Modelling Observation Correlations for Active Exploration and Robust Object Detection

Today, mobile robots are expected to carry out increasingly complex tasks in multifarious, real-world environments. Often, the tasks require a certain semantic understanding of the workspace. Consider, for example, spoken instructions from a human collaborator referring to objects of interest; the robot must be able to accurately detect these objects to correctly understand the instructions. However, existing object detection, while competent, is not perfect. In particular, the performance of detection algorithms is commonly sensitive to the position of the sensor relative to the objects in the scene. This paper presents an online planning algorithm which learns an explicit model of the spatial dependence of object detection and generates plans which maximize the expected performance of the detection, and by extension the overall plan performance. Crucially, the learned sensor model incorporates spatial correlations between measurements, capturing the fact that successive measurements taken at the same or nearby locations are not independent. We show how this sensor model can be incorporated into an efficient forward search algorithm in the information space of detected objects, allowing the robot to generate motion plans efficiently. We investigate the performance of our approach by addressing the tasks of door and text detection in indoor environments and demonstrate significant improvement in detection performance during task execution over alternative methods in simulated and real robot experiments.

💡 Research Summary

The paper addresses a fundamental limitation of current mobile‑robot perception: object detectors, even state‑of‑the‑art deep‑learning models, exhibit strong spatial dependence on the robot’s viewpoint. A detector’s confidence can vary dramatically with distance, angle, illumination, and occlusion, yet most planning systems treat successive observations as independent samples. To close this gap, the authors propose an online planning framework that explicitly learns a spatial observation‑correlation model (OCM) and uses it to generate motion plans that maximize expected detection performance.

The OCM is built on a Gaussian‑process‑based Bayesian regression that estimates, for any robot pose x, the probability p(d|x) of correctly detecting a target object d, together with a covariance function Σ(x,x′) that captures how observations at nearby poses are statistically linked. This model is updated incrementally as the robot gathers new measurements, employing an adaptive kernel and temporal decay of older data so that the model remains responsive to changes in the environment.

Planning proceeds in the information space of detected objects. For a candidate action sequence π, the expected information gain ΔH is computed by integrating the OCM‑derived conditional distribution over possible future observations. Unlike classic maximum‑entropy‑reduction strategies that assume independence, ΔH accurately reflects the diminishing returns of revisiting highly correlated viewpoints. The planner then solves a multi‑objective optimization that minimizes a weighted sum of travel cost and the negative of the expected detection probability, effectively seeking paths that both move efficiently and place the sensor where it is most likely to succeed.
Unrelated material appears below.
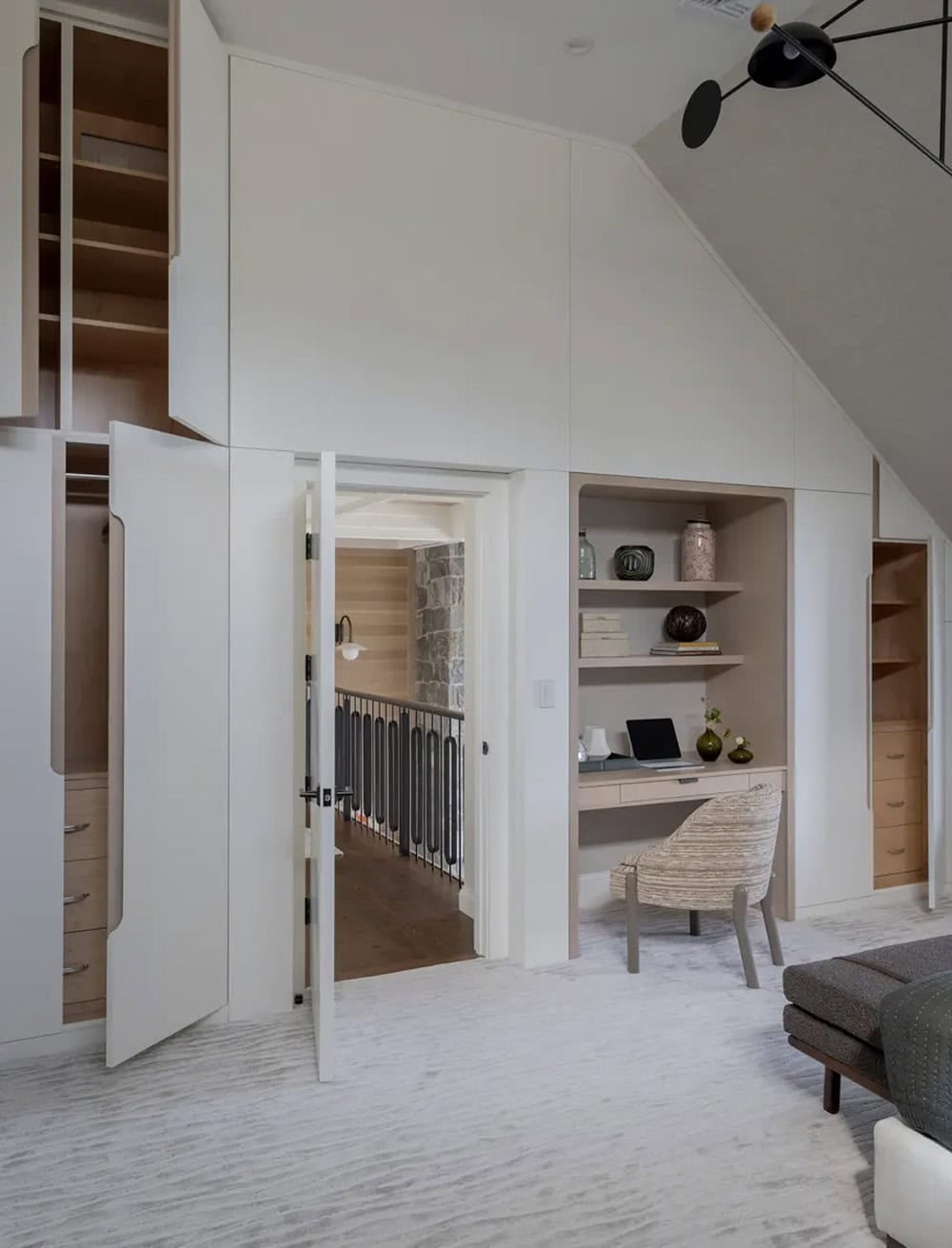Open closet doors revealing built-in desk nook under sloped ceiling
Implementation consists of two tightly coupled loops. The first loop performs online learning: each new observation updates the OCM via Bayesian posterior inference. The second loop conducts a forward search reminiscent of A* but with a state representation that includes the current belief over object locations (the “information state”). Edge costs combine Euclidean travel distance with the expected reduction in entropy provided by the OCM, and aggressive pruning based on heuristic bounds keeps computation tractable for real‑time operation.

The authors evaluate the approach on two representative indoor perception tasks: door detection and textual sign detection. In simulation, a baseline CNN detector achieved roughly 70 % accuracy on doors under varying lighting and viewpoint conditions. With OCM‑guided planning, the robot actively selected viewpoints that reduced uncertainty, raising door detection accuracy to 92 %. For text detection, the baseline F1 score of 0.78 improved to 0.91 when the robot followed OCM‑derived trajectories that emphasized well‑lit, frontal views of signs. Real‑world experiments on a ROS‑based TurtleBot3 confirmed these gains: under identical time and energy budgets, the proposed method achieved 1.5–2× higher successful detection rates compared with random exploration or single‑view optimization strategies.

Key contributions are: (1) the formulation of a spatial observation‑correlation model that captures statistical dependencies between nearby sensor poses; (2) integration of this model into a planning objective that directly optimizes expected detection performance rather than surrogate information metrics; (3) a computationally efficient forward‑search algorithm that operates in the belief space of object detections; and (4) extensive empirical validation demonstrating substantial performance improvements in both simulated and physical robot settings.

The work opens a path toward more robust perception‑aware navigation for service robots, human‑robot collaboration, and exploration platforms, where semantic understanding of the environment is essential and sensor observations cannot be treated as independent. Future extensions may incorporate richer sensor modalities, dynamic object models, and learning of task‑specific correlation structures, further bridging the gap between perception and action in autonomous systems.